Het merendeel van de transitmigranten wordt onderschept in West-Vlaanderen, meer bepaald in Zeebrugge. In 2019 werden in België iets minder dan 35.000 transitmigranten geïnter­cepteerd, waarvan meer dan 50 % in Zeebrugge en de directe omgeving van Zeebrugge. In hoofdzaak gebeurt dat door de scheepvaartpolitie in Zeebrugge, in nauwe samenwerking met de lokale politie en de havenautoriteiten.

De transmigranten in Zeebrugge worden vervolgens allemaal overgebracht naar het administratieve cellencomplex van de scheep­vaartpolitie. Daar vindt een identificatie en een veiligheidsfouille plaats en zijn ook de nodige sanitaire voorzieningen ter beschikking, wat uiteraard belangrijk is, zeker in deze coronacrisis.

Ik heb op 6 november de scheepvaartpolitie in Zeebrugge bezocht en vastgesteld dat die zeer professioneel en zeer gedegen georganiseerd is. De scheepvaartpolitie weet zeer goed hoe die activiteiten het beste aangepakt worden. Voor de politionele taken is er dus niet onmiddellijk behoefte aan een bijkomend centrum of een bijkomend administratief centrum.

Bovendien biedt de federale politie mobiele ondersteuning aan de lokale politie bij de interceptie van grote groepen transmigranten. Het interventiekorps van West-Vlaanderen werd daartoe de afgelopen jaren gevoelig versterkt. De politie is vooral vragende partij om de huidige administratieve procedure en de beslissings­termijnen in te korten, vooral omdat men op zeer regelmatige basis dezelfde transmigranten onderschept.

Ik zal dat – ik heb dit ook al gedaan – verder opnemen met de staatssecretaris voor Asiel en Migratie. Conform de aanbevelingen in het recente rapport van de commissie-Bossuyt zal ik daarbij aandringen op een grondige doorlichting van de procedure, met het oog op een sterke vereenvoudiging van het proces en, in het bijzonder, een snelle besluitvorming.

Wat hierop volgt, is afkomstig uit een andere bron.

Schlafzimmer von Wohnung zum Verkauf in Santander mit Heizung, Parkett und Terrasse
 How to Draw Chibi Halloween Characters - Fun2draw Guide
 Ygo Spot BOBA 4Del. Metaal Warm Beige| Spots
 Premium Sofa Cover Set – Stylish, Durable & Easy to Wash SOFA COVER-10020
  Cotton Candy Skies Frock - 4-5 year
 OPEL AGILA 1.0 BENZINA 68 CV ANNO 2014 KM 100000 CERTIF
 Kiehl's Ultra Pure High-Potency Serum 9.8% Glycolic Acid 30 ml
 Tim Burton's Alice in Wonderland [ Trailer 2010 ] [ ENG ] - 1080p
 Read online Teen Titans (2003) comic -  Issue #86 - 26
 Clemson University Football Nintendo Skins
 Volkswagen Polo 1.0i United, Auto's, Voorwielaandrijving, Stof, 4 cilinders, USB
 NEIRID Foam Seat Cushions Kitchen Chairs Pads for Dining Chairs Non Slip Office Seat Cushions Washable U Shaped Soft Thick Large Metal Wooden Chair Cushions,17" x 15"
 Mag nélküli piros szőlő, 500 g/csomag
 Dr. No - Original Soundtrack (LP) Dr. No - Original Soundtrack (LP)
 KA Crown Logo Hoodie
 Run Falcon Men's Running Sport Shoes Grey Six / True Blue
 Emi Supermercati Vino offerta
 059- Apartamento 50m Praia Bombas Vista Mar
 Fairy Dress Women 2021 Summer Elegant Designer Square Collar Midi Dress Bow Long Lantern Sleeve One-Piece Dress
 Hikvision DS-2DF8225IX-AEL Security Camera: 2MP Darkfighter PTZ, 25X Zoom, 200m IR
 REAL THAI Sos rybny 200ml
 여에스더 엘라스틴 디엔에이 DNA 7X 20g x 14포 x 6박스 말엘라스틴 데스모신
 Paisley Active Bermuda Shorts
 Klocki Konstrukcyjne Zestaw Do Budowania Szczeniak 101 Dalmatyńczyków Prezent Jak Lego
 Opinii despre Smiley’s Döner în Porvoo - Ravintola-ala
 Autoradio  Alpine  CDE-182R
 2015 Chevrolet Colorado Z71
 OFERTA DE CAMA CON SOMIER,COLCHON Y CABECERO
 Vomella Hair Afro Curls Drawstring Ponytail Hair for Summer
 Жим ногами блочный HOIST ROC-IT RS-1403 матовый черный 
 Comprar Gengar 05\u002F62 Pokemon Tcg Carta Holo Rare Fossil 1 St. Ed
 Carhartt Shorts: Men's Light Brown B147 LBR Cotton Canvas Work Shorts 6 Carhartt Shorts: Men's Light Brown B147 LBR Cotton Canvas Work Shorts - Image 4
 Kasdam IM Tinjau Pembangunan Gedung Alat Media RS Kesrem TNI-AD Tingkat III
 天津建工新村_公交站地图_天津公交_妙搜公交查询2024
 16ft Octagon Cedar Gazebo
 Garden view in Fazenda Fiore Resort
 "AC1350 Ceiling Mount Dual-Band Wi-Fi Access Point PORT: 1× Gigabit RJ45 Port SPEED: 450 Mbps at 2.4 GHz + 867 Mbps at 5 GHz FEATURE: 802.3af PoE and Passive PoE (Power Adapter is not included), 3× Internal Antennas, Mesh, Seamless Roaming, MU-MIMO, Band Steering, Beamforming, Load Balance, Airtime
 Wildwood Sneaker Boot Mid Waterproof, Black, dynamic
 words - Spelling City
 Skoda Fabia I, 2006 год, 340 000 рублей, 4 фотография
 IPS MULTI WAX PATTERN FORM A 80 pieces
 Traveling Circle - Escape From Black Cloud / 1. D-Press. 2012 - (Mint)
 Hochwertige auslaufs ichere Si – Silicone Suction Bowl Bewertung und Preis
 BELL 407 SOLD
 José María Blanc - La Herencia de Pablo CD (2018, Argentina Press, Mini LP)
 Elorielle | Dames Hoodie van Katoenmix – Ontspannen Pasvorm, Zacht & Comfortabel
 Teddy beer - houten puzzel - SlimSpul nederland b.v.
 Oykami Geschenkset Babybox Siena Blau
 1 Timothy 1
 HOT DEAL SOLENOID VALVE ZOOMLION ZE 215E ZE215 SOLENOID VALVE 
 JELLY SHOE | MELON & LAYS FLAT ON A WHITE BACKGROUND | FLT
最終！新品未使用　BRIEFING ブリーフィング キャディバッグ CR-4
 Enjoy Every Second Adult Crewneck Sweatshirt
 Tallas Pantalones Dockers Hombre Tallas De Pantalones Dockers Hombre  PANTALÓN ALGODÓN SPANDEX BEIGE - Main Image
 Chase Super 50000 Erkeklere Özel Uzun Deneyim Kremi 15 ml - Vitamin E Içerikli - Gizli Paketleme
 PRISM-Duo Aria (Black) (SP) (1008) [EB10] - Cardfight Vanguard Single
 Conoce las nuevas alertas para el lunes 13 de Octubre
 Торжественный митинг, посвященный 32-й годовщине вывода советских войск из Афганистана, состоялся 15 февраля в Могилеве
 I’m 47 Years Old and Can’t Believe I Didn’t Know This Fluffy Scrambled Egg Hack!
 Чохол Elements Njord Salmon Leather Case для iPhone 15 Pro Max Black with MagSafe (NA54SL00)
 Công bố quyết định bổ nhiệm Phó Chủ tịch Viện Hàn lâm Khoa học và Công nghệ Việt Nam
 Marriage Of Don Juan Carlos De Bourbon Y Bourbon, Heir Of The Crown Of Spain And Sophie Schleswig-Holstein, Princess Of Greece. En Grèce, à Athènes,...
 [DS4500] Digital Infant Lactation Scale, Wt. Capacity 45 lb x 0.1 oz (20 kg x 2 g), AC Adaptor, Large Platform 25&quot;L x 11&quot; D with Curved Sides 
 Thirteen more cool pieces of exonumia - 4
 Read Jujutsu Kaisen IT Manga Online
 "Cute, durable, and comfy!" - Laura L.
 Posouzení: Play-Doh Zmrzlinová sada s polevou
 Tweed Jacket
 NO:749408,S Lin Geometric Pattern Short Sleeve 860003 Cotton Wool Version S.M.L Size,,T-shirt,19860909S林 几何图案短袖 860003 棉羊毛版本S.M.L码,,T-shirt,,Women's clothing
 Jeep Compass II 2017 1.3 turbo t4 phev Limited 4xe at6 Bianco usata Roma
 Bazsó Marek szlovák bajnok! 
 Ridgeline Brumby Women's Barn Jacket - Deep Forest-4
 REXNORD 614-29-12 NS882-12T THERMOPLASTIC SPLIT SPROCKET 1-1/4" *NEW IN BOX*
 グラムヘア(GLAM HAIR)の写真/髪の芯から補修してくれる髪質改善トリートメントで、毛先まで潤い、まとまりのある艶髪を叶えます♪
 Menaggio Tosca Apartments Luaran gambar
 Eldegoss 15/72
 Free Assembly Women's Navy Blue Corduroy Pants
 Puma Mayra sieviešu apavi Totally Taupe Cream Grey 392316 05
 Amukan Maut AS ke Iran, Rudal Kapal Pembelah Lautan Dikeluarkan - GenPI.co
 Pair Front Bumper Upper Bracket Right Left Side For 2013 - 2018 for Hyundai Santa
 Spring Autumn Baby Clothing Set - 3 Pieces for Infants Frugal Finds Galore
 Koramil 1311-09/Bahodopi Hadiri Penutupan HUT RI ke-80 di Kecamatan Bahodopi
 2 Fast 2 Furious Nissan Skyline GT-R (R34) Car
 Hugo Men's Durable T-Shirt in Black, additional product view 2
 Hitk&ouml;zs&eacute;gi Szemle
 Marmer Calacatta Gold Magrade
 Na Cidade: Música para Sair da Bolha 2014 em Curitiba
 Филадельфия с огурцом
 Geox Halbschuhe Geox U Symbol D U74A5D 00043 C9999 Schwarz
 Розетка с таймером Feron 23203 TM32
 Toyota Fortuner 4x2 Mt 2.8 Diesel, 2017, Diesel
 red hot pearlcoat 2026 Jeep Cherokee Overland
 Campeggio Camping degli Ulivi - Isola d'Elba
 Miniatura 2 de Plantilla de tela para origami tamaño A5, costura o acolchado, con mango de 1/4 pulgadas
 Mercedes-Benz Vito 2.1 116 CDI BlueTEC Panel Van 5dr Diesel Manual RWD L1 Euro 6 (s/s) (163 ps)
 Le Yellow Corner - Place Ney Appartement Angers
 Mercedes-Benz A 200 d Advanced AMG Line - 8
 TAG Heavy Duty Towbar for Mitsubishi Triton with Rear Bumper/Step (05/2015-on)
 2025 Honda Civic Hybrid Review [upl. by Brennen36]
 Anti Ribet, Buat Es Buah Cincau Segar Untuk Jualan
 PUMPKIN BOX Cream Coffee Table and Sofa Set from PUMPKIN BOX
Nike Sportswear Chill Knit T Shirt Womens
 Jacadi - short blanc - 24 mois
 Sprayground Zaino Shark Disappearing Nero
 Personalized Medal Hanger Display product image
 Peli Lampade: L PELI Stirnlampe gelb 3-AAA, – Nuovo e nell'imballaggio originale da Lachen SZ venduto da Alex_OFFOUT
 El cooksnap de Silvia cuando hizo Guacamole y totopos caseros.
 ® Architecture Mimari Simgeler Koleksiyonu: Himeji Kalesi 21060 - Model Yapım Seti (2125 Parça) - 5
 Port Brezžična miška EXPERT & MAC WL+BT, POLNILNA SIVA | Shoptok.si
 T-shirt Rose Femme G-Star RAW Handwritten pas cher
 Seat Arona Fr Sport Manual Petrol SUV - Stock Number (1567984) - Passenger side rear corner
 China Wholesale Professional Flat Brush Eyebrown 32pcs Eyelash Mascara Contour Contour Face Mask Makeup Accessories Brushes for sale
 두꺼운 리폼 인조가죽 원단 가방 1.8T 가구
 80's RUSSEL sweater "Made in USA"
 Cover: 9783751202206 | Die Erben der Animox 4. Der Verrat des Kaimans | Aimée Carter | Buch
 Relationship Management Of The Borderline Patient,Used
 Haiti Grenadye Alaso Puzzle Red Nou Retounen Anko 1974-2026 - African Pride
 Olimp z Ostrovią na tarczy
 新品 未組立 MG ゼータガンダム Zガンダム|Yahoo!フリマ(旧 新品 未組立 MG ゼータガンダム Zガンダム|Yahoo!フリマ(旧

Een gesloten centrum, of een zogenaamd oriëntatiecentrum, kan een deel van de oplossing zijn, als men een adequaat gevolg wil geven aan het politionele optreden. Ik zal ook dat element verder samen met collega Mahdi bekijken.

 

Yoleen Van Camp (N-VA): Ik sta toch wel wat te kijken van het antwoord. De vraag was gericht aan de bevoegde staatssecretaris, die doorverwees naar de minister van Binnenlandse Zaken. De vragen gaan ook heel specifiek over bijvoorbeeld de politiezones. Er is jammer genoeg geen antwoord op gekomen. De minister van Binnenlandse Zaken verwijst eigenlijk grotendeels terug naar de staatssecretaris en minimaliseert de problematiek op haar terrein. Volgens haar draait alles prima op politioneel vlak en moet eigenlijk vooral de staatsecretaris het nodige doen om transmigratie aan te pakken en de beslissingstermijnen bijvoorbeeld in te korten. Het is echt paraplupolitiek als een staatssecretaris naar de minister van Binnenlandse Zaken verwijst en die op haar beurt terugverwijst naar de staatssecretaris.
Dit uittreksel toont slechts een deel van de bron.